9.14.2012

Essay VIII: On Listening World Music, Part II



Thoughts on Listening World Music, II
- Experiencing the Roots of Music: The San Bushmen of the Kalahari -
Essay for the University of Pennsylvania.

Since I was a kid, I used to think all the news I watched on TV were about my place. While I heard about the ongoing war between Palestine and Israel, I felt very sad for all the kids my age who weren't able to spend their childhood playing, and being with their family, like any regular kid does, despite living in the same place as I did. While I heard traditional music (still being a kid), no matter where the music came from, I used to think it was from my place, and I thought how wonderful the place I lived in was, unaware of the fact that the world is divided by frontiers or cultural barriers.

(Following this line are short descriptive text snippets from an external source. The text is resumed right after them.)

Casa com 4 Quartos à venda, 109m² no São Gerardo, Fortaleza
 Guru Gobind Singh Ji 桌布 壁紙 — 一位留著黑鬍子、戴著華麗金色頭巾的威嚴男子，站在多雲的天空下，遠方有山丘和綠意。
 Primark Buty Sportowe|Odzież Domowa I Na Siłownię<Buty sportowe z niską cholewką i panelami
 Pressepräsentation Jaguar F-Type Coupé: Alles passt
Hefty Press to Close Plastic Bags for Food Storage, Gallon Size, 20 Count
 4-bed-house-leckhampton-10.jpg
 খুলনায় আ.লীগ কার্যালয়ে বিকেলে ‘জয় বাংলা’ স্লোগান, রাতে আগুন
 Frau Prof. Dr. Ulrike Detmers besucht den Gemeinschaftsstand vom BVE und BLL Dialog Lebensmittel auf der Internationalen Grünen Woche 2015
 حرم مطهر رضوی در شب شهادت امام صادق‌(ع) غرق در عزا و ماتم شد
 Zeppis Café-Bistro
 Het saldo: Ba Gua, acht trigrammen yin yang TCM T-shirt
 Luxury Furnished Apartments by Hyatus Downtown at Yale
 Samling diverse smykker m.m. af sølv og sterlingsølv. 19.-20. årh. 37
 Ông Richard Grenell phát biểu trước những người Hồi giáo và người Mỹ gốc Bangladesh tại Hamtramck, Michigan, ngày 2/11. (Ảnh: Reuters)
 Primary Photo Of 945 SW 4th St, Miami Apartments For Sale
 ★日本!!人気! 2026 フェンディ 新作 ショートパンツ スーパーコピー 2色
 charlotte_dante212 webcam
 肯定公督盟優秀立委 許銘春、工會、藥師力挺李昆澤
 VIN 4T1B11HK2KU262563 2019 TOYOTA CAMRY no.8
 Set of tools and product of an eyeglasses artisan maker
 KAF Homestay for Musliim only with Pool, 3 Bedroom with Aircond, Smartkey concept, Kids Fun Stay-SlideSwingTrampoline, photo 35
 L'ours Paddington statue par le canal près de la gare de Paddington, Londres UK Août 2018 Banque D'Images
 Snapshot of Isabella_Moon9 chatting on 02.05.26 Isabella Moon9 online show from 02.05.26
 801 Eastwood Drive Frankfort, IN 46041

I used to think the world was like a big neighborhood, where everyone knew each other, and helped each other if they wanted and were able to. While looking at the Kalahari Bushmen / Khoisan Trance dance, I return to these times of my childhood, where I saw the world as a big neighborhood. I could definitely hear how spiritual (or trance-like) dances relate to each other, no matter the place of origin of the performed dance. Every trance dance has the same purposes, heal the individual or the community that undergo that experience. The Bushmen people of the Kalahari have faced land trouble just like Palestinian people. Despite being the oldest habitants of the lands they inhabited (and the oldest habitants of the world), they have been forced to leave their own territory, the same they have been part of for a long time. 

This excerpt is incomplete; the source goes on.